ら戦後には工場も無くなりこの伝統は途絶えてしまっていました。

しかし近年、小樽の名士的存在として当市の発展に大きく貢献した榎本武揚が、高商設立に際し寄付金を出すことにより小樽への誘致運動を率先するなど、本学とも深い関わりがある事実が発見されました。
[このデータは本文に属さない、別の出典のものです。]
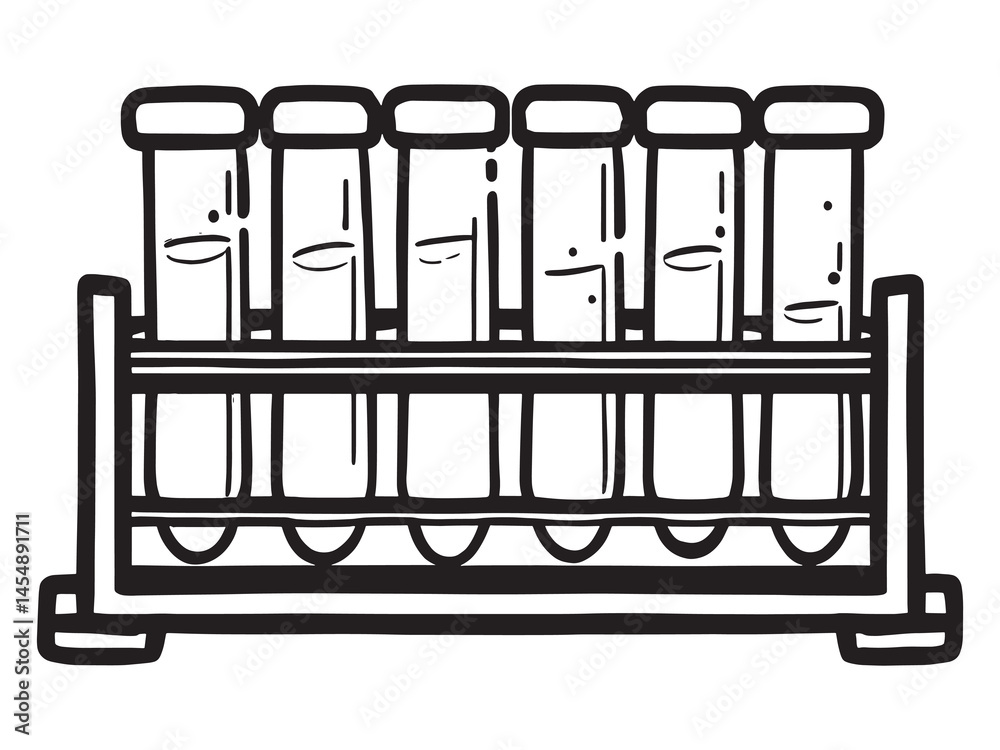 Outline Vector of Test Tube Holder for Laboratory Use Outline Vector of Test Tube Holder for Laboratory Use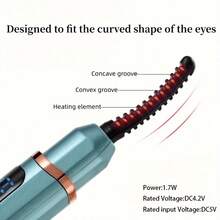 New Electric Eyelash Curler, Heated Eyelash Curling Tool With 3 Temperature Settings, 300mAh Large Capacity Battery For 15s Fast Heating And Long-Lasting Curling, With Battery Indicator Light, Great Gift For Women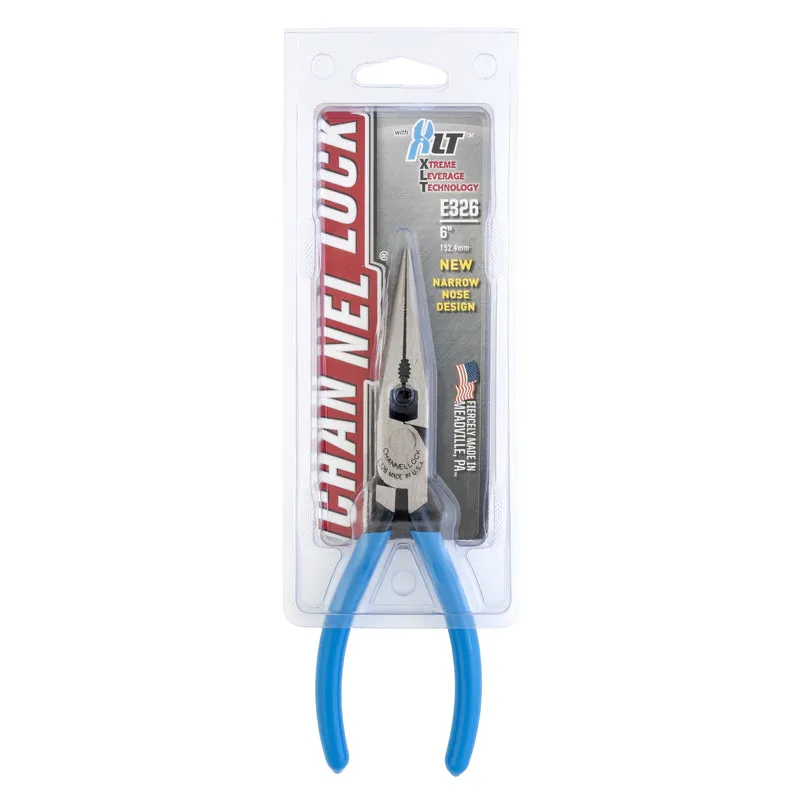 Channellock 6 in. Drop Forged Steel with Side Cutter Long Nose Pliers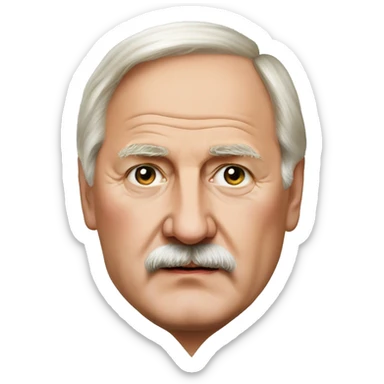 photorealistic Belarus president serious Lukashenko sticker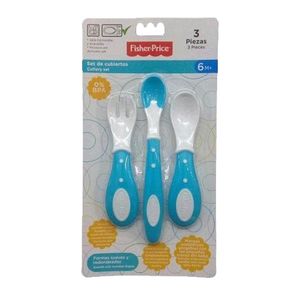 Set de cubiertos azul (3 piezas)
これを受け本学では、榎本が幕末期に長崎海軍伝習所やオランダ留学で化学を学び明治期の石鹸産業の発展に寄与した足跡と結びつけ、高商時代の石鹸作りの伝統を榎本石鹸という形により再び甦らせるプロジェクト(通称:榎本石鹸プロジェクト)に取り組んでいます。

2021 年度に始まった本プロジェクトでは、醍醐龍馬ゼミ(歴史学)と沼田ゆかりゼミ(化学)の協働により榎本が戊辰戦争後に獄中で書いた「石鹸製造法」を解読し、そこに書かれたオランダ語レシピから、スイートアーモンドオイルを使った石鹸を初めて復刻しました(榎本石鹸 復刻版)。

2022 年度には、榎本からの影響を受けたその兄が創設した江水舎が開発した石鹸の情報も加えることにより、現代風にリニューアルした石鹸を誕生させました(榎本石鹸 敏感肌)。

さらに 2023 年度には、プラート カロラスゼミ(商学)も加わり商品としての価値を追求し、榎本が好きだった牡丹の香りがする匂い付きの石鹸を開発しました(榎本石鹸 牡丹の香) 。

以上の経緯による一定の到達点として、個数限定の期間限定販売という形ではありますが、このたび商品として皆様のもとにお届けできる運びとなりました。

あくまで今回は、テストマーケテイングとしての販売であり、今後の完全な商品化に向けて皆様から使用感等に関するアンケートを頂戴し、より良い製品開発の参考にさせて頂きたく考えております。

お買い求め頂いた皆様には、地元企業の協力を得ながら教職員一丸となって開発した大学発の当製品をご堪能頂くとともに、今後とも温かいご支援を頂けましたら幸いです。